── Supplied data

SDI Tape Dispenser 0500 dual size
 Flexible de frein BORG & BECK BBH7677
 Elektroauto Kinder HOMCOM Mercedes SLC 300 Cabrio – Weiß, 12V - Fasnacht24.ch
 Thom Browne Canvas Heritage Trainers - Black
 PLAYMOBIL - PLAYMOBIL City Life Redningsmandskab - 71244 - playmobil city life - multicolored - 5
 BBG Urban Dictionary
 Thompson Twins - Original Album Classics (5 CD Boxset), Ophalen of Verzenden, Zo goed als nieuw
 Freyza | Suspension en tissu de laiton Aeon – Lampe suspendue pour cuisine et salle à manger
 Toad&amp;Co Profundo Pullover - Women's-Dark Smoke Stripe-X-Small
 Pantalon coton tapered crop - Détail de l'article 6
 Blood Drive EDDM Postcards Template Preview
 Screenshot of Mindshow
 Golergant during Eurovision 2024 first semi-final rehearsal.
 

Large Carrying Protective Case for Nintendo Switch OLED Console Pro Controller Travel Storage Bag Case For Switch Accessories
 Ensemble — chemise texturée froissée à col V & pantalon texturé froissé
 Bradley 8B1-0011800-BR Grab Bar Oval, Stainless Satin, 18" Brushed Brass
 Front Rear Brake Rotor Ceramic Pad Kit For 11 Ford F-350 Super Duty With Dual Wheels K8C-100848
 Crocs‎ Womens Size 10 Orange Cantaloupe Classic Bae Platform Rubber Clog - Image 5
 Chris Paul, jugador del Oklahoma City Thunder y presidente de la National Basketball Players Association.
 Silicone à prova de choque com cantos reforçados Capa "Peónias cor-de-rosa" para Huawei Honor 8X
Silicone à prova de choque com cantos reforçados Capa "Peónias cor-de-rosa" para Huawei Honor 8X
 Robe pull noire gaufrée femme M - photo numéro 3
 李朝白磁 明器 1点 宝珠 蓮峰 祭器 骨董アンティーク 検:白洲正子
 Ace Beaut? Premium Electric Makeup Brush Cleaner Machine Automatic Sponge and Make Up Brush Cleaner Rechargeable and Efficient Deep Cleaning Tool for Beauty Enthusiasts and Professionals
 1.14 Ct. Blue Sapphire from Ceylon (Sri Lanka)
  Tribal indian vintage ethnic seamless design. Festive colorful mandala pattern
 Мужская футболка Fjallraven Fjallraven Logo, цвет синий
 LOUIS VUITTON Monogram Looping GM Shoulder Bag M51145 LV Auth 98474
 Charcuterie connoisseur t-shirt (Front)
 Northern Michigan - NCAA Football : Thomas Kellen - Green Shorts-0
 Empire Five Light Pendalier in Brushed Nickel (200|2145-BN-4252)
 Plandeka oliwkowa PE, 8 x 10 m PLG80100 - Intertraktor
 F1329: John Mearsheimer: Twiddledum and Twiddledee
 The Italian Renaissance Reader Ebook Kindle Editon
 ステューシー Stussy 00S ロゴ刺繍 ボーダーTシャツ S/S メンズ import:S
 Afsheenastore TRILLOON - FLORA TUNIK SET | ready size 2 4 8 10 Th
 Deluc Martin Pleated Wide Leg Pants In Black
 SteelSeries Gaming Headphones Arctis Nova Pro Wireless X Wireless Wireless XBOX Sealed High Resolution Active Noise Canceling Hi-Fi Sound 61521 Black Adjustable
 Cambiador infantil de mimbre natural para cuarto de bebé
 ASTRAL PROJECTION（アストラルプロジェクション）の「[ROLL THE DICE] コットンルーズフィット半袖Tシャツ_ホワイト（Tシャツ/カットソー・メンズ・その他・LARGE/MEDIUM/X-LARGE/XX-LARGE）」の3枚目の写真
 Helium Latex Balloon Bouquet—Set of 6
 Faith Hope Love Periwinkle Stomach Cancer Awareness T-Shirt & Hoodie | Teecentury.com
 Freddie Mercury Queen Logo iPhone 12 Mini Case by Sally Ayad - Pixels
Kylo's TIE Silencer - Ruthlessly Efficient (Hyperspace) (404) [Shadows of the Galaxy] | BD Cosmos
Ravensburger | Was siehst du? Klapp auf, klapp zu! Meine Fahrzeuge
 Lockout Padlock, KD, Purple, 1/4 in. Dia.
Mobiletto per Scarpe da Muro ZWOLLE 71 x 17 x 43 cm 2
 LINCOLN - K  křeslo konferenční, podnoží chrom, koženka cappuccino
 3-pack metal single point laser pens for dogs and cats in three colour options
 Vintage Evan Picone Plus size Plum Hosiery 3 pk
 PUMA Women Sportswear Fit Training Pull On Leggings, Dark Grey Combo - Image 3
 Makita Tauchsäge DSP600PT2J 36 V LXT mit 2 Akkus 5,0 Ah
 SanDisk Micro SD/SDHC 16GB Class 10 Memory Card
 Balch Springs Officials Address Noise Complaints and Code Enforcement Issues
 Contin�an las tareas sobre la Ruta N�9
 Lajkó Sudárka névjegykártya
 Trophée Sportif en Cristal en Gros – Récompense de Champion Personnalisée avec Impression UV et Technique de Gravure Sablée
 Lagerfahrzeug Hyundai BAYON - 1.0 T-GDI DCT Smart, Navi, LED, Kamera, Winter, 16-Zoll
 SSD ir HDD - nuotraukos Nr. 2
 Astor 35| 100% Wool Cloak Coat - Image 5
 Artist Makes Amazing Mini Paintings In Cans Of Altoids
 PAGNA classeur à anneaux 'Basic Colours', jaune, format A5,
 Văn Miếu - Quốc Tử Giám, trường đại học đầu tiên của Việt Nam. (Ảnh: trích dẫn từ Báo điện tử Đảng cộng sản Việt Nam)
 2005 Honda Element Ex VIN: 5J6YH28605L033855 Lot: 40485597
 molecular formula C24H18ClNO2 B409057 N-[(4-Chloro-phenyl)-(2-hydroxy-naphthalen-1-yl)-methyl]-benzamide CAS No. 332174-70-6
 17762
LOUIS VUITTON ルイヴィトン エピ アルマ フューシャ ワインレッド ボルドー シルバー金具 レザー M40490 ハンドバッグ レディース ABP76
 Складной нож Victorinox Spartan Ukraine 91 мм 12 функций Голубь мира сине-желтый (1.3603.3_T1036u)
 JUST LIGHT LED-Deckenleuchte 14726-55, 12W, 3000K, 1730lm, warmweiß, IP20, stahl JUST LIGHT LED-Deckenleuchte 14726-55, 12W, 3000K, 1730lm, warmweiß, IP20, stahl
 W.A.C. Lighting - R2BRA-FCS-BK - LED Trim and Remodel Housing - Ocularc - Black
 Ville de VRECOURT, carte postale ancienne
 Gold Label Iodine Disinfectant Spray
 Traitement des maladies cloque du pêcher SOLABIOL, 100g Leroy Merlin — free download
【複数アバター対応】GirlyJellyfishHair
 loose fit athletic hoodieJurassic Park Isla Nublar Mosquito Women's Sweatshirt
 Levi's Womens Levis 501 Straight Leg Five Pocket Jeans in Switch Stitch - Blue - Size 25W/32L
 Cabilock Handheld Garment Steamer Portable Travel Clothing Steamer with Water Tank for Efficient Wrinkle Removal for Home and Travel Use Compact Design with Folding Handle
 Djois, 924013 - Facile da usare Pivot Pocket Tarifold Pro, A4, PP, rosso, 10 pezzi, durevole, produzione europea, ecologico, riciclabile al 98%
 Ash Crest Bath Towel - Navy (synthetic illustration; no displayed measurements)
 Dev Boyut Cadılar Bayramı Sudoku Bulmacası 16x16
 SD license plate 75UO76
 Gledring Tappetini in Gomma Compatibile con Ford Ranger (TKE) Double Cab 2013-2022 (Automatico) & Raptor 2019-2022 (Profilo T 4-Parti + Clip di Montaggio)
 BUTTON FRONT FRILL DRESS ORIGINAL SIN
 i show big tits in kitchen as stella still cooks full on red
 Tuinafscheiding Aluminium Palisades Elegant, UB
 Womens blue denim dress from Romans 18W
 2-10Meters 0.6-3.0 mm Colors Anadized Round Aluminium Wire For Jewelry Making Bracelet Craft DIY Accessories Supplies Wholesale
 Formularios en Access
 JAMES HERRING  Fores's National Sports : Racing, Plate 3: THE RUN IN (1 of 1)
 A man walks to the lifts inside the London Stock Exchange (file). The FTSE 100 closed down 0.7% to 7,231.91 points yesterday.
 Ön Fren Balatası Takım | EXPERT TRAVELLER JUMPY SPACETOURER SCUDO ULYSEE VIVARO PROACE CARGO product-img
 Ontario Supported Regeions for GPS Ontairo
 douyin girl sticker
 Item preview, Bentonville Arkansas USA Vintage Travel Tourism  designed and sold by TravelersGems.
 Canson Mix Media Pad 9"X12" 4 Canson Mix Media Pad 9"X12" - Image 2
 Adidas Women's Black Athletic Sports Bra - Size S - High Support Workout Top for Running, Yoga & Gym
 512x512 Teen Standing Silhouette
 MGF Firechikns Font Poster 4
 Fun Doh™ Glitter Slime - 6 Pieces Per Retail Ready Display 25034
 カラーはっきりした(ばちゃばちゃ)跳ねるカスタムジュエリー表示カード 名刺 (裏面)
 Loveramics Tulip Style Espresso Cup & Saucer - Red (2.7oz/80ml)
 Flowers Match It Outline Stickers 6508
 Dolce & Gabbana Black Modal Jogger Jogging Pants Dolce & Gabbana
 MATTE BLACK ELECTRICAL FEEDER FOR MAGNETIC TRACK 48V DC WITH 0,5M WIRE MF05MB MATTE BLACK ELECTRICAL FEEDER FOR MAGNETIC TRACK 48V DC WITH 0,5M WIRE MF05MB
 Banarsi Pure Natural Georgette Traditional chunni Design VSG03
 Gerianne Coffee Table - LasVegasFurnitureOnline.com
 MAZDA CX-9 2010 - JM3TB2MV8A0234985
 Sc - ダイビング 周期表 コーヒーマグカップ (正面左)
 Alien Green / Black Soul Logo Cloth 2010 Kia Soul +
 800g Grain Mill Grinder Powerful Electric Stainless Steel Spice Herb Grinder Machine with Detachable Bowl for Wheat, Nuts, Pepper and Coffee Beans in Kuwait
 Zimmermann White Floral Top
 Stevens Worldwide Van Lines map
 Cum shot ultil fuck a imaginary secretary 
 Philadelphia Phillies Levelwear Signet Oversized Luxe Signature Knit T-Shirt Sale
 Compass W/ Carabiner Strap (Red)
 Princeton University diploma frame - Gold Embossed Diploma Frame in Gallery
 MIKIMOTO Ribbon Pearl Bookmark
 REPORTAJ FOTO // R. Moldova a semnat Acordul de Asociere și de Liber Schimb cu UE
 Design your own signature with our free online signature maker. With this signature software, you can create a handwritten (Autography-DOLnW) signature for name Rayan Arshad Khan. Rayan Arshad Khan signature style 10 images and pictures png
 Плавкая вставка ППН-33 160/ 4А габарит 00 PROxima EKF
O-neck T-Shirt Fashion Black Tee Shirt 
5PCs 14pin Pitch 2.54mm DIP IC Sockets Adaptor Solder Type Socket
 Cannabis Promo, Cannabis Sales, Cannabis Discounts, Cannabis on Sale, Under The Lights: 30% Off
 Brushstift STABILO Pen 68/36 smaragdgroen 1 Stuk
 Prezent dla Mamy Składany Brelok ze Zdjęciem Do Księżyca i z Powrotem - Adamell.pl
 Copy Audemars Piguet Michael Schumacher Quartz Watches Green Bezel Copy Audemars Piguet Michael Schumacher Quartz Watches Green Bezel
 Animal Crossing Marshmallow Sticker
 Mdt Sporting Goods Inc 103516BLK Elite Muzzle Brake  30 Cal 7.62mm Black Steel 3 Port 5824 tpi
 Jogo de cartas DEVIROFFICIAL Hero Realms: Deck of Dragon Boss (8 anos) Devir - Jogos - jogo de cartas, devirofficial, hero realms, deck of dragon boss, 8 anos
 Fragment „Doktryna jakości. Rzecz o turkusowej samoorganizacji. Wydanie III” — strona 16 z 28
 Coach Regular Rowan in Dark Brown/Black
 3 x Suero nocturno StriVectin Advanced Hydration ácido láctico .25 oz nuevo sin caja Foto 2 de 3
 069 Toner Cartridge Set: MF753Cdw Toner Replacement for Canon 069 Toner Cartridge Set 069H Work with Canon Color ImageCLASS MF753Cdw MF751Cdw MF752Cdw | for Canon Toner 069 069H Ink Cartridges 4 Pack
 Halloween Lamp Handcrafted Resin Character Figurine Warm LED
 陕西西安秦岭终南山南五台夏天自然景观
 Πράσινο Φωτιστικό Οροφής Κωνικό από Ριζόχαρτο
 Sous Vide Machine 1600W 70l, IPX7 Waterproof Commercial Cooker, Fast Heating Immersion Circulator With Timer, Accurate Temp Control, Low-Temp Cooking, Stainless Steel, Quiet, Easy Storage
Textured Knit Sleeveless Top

────

Goal of the exercise
Copy exactly the stretch of data above from the line with "Screenshot of Mindshow" through the line with "Chris Paul, jugador", and omit all other lines.

Written reply
 Screenshot of Mindshow
 Golergant during Eurovision 2024 first semi-final rehearsal.
 

Large Carrying Protective Case for Nintendo Switch OLED Console Pro Controller Travel Storage Bag Case For Switch Accessories
 Ensemble — chemise texturée froissée à col V & pantalon texturé froissé
 Bradley 8B1-0011800-BR Grab Bar Oval, Stainless Satin, 18" Brushed Brass
 Front Rear Brake Rotor Ceramic Pad Kit For 11 Ford F-350 Super Duty With Dual Wheels K8C-100848
 Crocs‎ Womens Size 10 Orange Cantaloupe Classic Bae Platform Rubber Clog - Image 5
 Chris Paul, jugador del Oklahoma City Thunder y presidente de la National Basketball Players Association.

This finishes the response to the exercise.